Tusk zbiera gratulacje od Angeli Merkel i Ursuli von der Leyen, przyszłej szefowej Komisji Europejskiej. Fot. PAP/EPA
Tusk zbiera gratulacje od Angeli Merkel i Ursuli von der Leyen, przyszłej szefowej Komisji Europejskiej. Fot. PAP/EPA

Tusk został szefem Europejskiej Partii Ludowej. Nie miał rywala w głosowaniu

Redakcja Redakcja UE Obserwuj temat Obserwuj notkę 274

Donald Tusk w Zagrzebiu otrzymał nominację na przewodniczącego EPL. Szef Rady Europejskiej uzyskał 93 proc. poparcia wśród delegatów. 

Za kandydaturą Tuska zagłosowało 491 osób, sprzeciw wyraziło 37. Do Zagrzebia na kongres Europejskiej Partii Ludowej przyjechało ponad 700 delegatów. Wybór byłego premiera na szefa ugrupowania był pewny, bowiem nie wystawiono potencjalnego rywala. 

- Ulga? Nie, nie przesadzajmy. Konkurencja nie była jakaś wymagająca, biorąc pod uwagę, że byłem jedynym kandydatem. Jest mi bardzo miło - komentował po wyborach Tusk. - Biorąc pod uwagę, że ja będę odpowiedzialny za wprowadzanie nowości w Europejskiej Partii Ludowej, potrzebujemy kogoś, kto zajmie się kontynuacją - tłumaczył wybór Hiszpana Antonio Lopeza-Isturiza na funkcję sekretarza generalnego EPL. 

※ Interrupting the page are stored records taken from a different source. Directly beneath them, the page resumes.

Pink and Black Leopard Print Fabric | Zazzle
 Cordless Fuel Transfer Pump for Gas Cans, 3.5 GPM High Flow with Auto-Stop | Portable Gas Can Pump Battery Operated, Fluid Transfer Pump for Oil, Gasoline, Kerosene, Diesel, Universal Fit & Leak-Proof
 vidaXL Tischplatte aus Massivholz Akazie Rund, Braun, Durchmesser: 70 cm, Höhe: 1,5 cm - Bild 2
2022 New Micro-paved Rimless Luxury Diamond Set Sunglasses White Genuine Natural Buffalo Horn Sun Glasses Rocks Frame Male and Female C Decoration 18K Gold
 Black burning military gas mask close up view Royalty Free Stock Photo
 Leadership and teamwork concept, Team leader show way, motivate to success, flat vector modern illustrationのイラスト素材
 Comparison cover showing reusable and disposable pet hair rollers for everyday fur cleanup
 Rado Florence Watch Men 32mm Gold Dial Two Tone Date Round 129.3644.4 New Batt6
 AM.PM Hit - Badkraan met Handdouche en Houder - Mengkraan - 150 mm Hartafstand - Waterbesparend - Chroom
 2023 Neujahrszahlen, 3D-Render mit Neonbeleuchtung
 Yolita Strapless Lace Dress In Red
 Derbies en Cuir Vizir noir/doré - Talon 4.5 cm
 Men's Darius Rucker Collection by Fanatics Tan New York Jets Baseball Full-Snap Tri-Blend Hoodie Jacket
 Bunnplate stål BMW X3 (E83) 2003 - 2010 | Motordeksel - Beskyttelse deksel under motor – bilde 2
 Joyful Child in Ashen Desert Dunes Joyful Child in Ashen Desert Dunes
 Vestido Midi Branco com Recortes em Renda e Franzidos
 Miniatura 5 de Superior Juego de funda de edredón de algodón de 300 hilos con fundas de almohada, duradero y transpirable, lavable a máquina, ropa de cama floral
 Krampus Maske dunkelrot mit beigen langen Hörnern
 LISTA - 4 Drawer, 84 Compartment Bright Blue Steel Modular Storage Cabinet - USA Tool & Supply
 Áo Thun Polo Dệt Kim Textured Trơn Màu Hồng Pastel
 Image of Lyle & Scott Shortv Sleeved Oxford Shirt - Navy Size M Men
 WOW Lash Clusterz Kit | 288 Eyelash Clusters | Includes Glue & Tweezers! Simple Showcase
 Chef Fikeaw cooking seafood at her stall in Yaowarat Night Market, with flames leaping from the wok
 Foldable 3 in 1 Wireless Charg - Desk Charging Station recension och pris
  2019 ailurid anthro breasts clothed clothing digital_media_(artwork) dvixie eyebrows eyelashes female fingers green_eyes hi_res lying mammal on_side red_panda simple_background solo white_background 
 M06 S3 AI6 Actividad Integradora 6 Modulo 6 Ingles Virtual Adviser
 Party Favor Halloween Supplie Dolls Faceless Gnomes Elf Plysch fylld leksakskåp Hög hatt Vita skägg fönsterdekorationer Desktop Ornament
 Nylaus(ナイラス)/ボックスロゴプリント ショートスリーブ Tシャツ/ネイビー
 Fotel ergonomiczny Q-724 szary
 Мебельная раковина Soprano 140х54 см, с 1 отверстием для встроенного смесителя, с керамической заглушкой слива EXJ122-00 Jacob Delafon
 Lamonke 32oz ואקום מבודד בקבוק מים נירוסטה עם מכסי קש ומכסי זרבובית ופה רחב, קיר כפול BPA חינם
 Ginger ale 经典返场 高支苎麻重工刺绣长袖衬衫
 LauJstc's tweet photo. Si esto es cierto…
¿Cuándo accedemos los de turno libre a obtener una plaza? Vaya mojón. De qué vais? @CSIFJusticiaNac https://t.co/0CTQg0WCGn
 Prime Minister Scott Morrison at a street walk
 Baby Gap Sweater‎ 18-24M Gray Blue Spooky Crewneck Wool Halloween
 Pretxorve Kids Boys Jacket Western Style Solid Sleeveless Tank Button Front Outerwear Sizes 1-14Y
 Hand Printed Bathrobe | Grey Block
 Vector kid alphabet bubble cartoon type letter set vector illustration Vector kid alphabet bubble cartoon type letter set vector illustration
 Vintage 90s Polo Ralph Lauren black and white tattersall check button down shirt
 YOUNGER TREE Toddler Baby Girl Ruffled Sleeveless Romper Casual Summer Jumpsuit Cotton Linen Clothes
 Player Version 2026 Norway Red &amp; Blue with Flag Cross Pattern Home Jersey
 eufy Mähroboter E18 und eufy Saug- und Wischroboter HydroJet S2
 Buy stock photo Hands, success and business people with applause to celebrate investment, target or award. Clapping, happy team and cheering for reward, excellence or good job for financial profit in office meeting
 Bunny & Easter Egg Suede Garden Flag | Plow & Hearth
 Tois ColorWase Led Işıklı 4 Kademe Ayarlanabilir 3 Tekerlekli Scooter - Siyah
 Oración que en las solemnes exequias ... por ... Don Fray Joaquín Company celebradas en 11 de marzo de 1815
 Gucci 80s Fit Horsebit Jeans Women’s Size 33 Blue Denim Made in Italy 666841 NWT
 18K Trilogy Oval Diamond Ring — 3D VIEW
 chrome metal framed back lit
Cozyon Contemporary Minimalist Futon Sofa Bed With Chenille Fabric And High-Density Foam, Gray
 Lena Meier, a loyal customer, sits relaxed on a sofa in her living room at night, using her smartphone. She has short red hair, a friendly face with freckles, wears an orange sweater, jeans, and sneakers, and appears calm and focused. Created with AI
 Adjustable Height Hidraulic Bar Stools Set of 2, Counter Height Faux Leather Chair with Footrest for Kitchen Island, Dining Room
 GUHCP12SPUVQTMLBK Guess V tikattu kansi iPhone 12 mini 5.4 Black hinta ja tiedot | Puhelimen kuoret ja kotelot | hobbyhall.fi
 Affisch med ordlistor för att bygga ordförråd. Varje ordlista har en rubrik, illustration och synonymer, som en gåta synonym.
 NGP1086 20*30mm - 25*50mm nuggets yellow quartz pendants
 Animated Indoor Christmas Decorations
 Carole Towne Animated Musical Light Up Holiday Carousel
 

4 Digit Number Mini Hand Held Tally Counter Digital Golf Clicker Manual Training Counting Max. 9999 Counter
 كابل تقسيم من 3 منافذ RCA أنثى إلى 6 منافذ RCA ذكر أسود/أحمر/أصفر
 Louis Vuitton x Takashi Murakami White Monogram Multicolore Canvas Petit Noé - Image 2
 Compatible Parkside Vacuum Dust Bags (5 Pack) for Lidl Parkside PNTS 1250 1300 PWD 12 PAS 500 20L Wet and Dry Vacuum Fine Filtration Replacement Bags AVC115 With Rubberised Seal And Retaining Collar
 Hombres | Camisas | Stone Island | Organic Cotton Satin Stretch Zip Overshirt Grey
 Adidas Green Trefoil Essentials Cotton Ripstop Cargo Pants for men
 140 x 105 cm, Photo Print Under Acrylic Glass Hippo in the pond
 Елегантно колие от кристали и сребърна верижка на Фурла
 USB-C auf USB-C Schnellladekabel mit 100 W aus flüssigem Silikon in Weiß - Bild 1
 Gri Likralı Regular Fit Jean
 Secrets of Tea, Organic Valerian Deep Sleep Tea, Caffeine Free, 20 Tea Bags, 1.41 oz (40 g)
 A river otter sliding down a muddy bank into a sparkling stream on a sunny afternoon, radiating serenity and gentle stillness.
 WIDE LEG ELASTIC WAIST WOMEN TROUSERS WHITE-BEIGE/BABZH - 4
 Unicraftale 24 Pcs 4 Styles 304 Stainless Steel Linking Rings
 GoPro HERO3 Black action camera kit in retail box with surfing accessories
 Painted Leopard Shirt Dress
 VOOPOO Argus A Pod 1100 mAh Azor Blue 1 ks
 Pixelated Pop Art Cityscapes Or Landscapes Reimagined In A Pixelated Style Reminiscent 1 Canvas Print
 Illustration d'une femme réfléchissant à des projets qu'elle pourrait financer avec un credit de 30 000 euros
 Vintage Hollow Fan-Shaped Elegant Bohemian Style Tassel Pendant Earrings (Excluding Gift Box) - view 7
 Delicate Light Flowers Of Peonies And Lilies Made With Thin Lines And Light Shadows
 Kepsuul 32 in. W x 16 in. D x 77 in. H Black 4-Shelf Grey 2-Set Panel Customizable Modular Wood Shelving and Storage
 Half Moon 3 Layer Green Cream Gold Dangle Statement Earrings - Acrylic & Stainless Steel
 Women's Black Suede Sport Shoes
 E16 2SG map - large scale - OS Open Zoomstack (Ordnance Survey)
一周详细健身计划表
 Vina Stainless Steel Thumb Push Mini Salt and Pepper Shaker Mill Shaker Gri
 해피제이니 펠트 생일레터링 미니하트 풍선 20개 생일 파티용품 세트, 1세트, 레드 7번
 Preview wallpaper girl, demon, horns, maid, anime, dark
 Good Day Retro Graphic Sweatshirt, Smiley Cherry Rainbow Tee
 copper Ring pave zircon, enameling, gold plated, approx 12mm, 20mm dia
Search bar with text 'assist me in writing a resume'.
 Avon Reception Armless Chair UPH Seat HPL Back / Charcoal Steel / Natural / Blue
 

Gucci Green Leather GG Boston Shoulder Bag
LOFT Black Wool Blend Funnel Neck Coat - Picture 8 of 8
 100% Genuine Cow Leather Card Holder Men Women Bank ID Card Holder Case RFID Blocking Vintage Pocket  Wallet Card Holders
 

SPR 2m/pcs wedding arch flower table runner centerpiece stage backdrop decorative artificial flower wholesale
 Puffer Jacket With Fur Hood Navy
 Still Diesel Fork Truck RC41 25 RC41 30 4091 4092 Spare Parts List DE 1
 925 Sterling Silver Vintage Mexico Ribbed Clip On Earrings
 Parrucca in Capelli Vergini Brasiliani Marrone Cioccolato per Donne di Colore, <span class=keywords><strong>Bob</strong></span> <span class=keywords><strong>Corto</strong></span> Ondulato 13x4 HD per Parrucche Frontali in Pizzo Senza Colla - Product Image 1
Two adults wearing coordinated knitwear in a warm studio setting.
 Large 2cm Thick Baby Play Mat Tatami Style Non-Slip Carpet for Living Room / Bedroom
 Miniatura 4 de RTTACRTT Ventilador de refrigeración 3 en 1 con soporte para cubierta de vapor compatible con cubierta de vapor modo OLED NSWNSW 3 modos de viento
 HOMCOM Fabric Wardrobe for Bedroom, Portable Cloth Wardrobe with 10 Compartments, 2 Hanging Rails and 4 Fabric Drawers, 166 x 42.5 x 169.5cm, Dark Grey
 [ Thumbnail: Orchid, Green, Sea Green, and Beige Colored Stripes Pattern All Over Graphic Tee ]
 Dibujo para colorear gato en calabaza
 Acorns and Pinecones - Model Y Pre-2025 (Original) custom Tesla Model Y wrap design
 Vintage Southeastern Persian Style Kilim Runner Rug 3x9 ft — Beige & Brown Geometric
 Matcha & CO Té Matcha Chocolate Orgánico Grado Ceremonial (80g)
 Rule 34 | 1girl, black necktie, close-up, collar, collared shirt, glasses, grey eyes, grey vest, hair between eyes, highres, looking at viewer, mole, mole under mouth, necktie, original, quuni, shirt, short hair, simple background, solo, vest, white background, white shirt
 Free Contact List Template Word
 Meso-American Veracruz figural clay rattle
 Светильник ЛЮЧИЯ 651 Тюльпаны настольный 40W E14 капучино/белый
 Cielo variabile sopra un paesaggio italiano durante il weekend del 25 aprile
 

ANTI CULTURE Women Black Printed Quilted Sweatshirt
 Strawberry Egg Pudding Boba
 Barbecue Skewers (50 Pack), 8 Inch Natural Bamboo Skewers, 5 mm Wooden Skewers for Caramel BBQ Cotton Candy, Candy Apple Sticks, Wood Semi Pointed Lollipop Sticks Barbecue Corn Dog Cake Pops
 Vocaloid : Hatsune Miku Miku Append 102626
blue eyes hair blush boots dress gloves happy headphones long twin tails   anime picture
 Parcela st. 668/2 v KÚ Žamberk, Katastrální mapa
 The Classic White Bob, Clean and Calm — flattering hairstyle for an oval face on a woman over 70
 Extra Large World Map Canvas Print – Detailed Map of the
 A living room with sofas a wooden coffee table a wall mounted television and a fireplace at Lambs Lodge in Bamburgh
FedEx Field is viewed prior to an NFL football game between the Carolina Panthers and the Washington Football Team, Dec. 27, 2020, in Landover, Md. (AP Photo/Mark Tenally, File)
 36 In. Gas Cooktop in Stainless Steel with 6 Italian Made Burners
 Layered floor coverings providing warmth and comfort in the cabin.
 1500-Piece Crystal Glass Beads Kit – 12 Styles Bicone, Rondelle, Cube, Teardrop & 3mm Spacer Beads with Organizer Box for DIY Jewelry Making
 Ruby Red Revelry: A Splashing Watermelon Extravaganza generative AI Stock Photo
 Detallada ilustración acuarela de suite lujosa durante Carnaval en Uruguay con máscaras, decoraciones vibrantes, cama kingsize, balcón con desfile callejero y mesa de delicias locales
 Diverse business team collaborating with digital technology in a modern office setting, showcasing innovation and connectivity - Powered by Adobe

Po głosowaniu w Zagrzebiu szef Rady Europejskiej wyraził satysfakcję z kuluarowych rozmów z politykami zagranicznymi. - Miałem rozmowy z wieloma delegacjami ukraińskimi, z Bałkanów Zachodnich. To, że mają wobec mnie takie duże oczekiwania, jest dla mnie źródłem satysfakcji, bo wierzą we mnie, pewno bardziej niż stara Europa - zauważył Tusk

Były premier nie zrywa z polską polityką. Dla niego to dopiero początek powrotu do spraw krajowych, co podkreślił wyraźnie w wywiadzie. Nie, nie kończę z polską polityką, a wręcz przeciwnie. To jest nowy początek, także z polską polityką - oświadczył Tusk. 

Gratulacje polskiemu politykowi wysłał prezydent Andrzej Duda. - Gratulacje dla Donalda Tuska w związku z wyborem na funkcję Przewodniczącego EPL. Życzę powodzenia i wielu osobistych sukcesów! - napisał. 


W czasie przemówienia przed głosowaniem delegatów, kandydat na szefa EPL nakreślił główny cel dla europejskich polityków: walkę z populistami. - Stańmy razem na tym najważniejszym polu politycznej bitwy, przeciwstawiając się nieodpowiedzialnym populistom, będąc partią odpowiedzialną i popularną. Po pięciu latach mam dość bycia głównym europejskim biurokratą. Jestem gotowy do walki, mam nadzieję, że wy też - apelował do uczestników kongresu. 

- Dziś bardziej niż w przeszłości strach odgrywa w polityce największą rolę. Większość ludzi troszczy się bardziej o swoje bezpieczeństwo niż o cokolwiek innego, na przykład w takich momentach jak kryzys migracyjny czy nowa fala terroryzmu. (...) W czasach niepewności, a prawdopodobnie nie będzie innych czasów, gdy wszystko się zmienia wokół nas, ludzie chcą pewności, że ci u władzy ich nie porzucą, nie odwrócą się od nich. Gdy ludzie zostaną zostawieni sami sobie, zaczynają rozglądać się za tymi, którzy oferują im opiekę i uwagę - mówił Tusk. 


Przed nowym szefem EPL poważny dylemat: jak rozwiązać konflikt z Viktorem Orbanem, niezaproszonym na kongres do Zagrzebia? Przypomnijmy, że Fidesz został zawieszony wiosną w prawach członka Europejskiej Partii Ludowej. Tusk wraz ze współpracownikami ugrupowania musi zdecydować, co dalej z węgierską formacją w ramach EPL. Według PAP, głos w tej sprawie zabierze tzw. grupa mędrców, która na początku roku opublikuje raport z rekomendacjami dla przewodniczącego Tuska. 

Kadencja Polaka rozpocznie się oficjalnie 1 grudnia 2019 roku, gdy zakończy sprawowanie funkcji szefa Rady Europejskiej.